Remplacer vos diamants par vos datas

Le 13 oct. 2016

Vos données valent-elles plus que des pierres précieuses ? C’est bien possible, et c’est toute l’idée derrière le projet psk series.

L’artiste Addie Wagenknecht et le co-fondateur de Pirate Bay Peter Sunde ont imaginé une ligne de bijoux toute particulière. On y trouve des bagues, des colliers et des bracelets dont les diamants et les pierres précieuses ont été remplacés par des cartes SD.

Evidemment, la démarche ne s’inscrit pas dans un souci de renouvellement en joaillerie. L’objectif est de démontrer la valeur financière des données personnelles. Dans la mesure où les entreprises essayent d’obtenir toujours plus de données sur leurs consommateurs, et où certains services, à l’instar de Handshake, aident même les consommateurs à vendre leurs informations, la valorisation de la data n’a jamais été autant d’actualité.

Les équipes de Handshake estiment ainsi qu’une personne lambda pourrait gagner entre 1 600$ et 8 000$ chaque année en vendant ses données directement aux entreprises. Quand on sait que le prix moyen d’une bague en diamants avoisine les 4 000$, on se dit que les bagues de fiançailles pourraient bientôt avoir une toute autre allure…

Addie Wagenknecht a confié aux équipes de Motherboard que ce qui est unique a tendance à être survalorisé. Ainsi, rien d’étonnant à ce que la valeur des données personnelles explose. Ce projet aide à matérialiser cette idée que nous vivons de plus en plus dans un modèle qui privilégie la collecte des données au financement.

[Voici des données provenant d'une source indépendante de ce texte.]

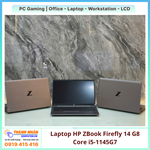 Laptop HP ZBook Firefly 14 G8 Core i5-1145G7 | Ram 8GB | SSD 256Gb | 14″ Full HD | Win10 [QSD]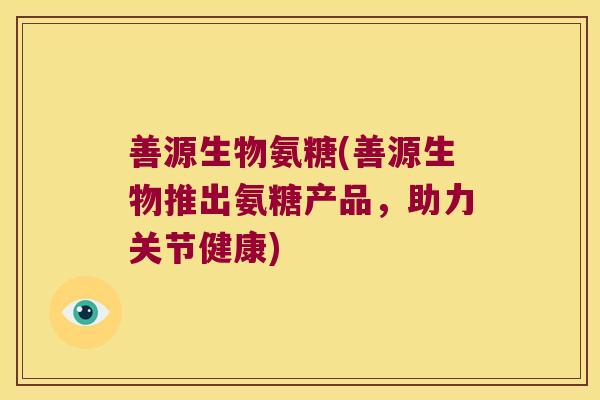 善源生物氨糖(善源生物推出氨糖产品，助力关节健康)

« Nous pensions qu’internet serait une sorte de Far West, une corne d’abondance d’espaces peer-to-peer où tout le monde serait égal, tout serait gratuit, beau et ouvert », confie Addie Wagenknecht à Motherboard. « En fait, nous avons fait l’erreur de sous-estimer la façon dont le web a affecté les marchés existants ». Elle insiste sur l’importance de représenter physiquement la valeur des données, pour exprimer le fait qu’elles puissent être vendues, échangées, données et même volées : autant d’idées qu’il est difficile de conceptualiser en regardant des lignes de codes.

 

« Nous n’avons pas de problème avec l’argent (…) : ce sont les marchés que nous avons créés, les fausses valeurs des ressources et des données illimitées, et le coût humain qui ne sont jamais questionnés dont nous voulons débattre », conclut-elle.